▶ [Problem]
Only the lines from the one that contains "Rational 70.00.108P Disc" to the last line below, both included, should be transcribed. Pictures stay out of the copy.

Pictures with short captions
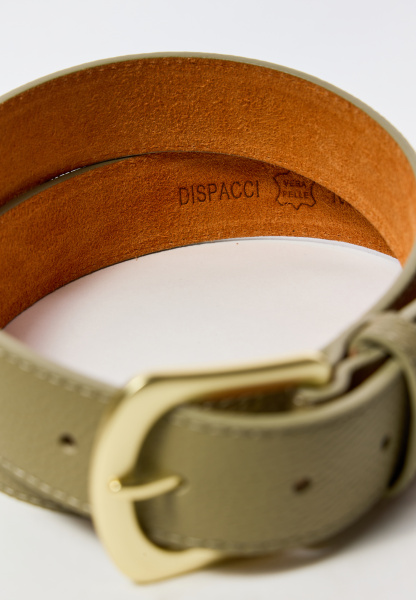 w-004 оливковый (3)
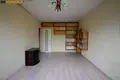 Mieszkanie 3 pokoi 68 m² Mińsk, Białoruś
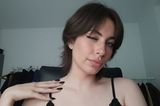 Фотография пользователя mona07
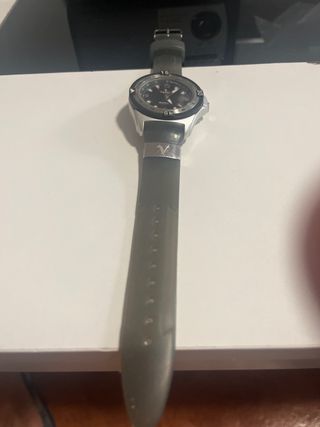 Reloj Viceroy deportivo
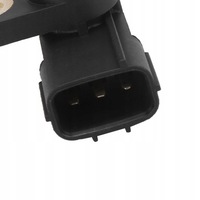 фото thumb №13, Датчик положення вала колінчастого 28810-pwr-013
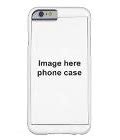 Image result for New iPhone 6 Cases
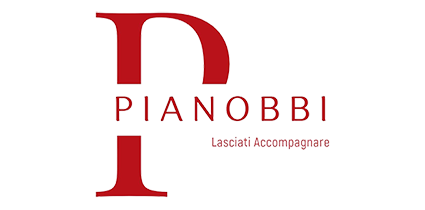 PIanoBBi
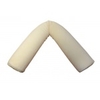 coussin_de_voyage_flex_it_plié_détour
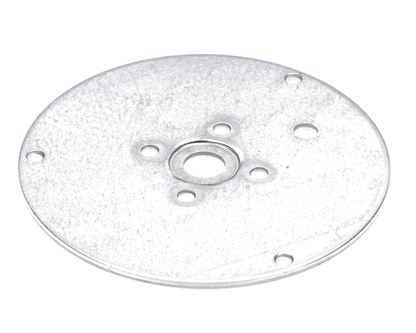 Rational 70.00.108P Disc Gas Valve-Premix Chamber (RATL70-00-108P)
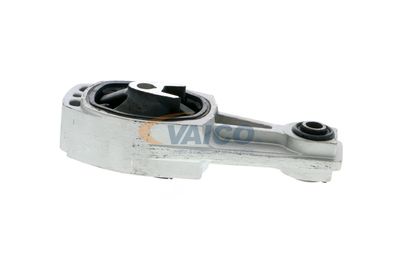 SUPORT MOTOR VAICO V420429 3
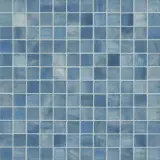 Bisazza Quick Ship Op 25.03 1×1 Mosaic Matte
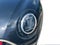 2026 MINI Cooper S Signature Plus 4 Door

▶ [Exercise solution]
 Rational 70.00.108P Disc Gas Valve-Premix Chamber (RATL70-00-108P)
 SUPORT MOTOR VAICO V420429 3
 Bisazza Quick Ship Op 25.03 1×1 Mosaic Matte
 2026 MINI Cooper S Signature Plus 4 Door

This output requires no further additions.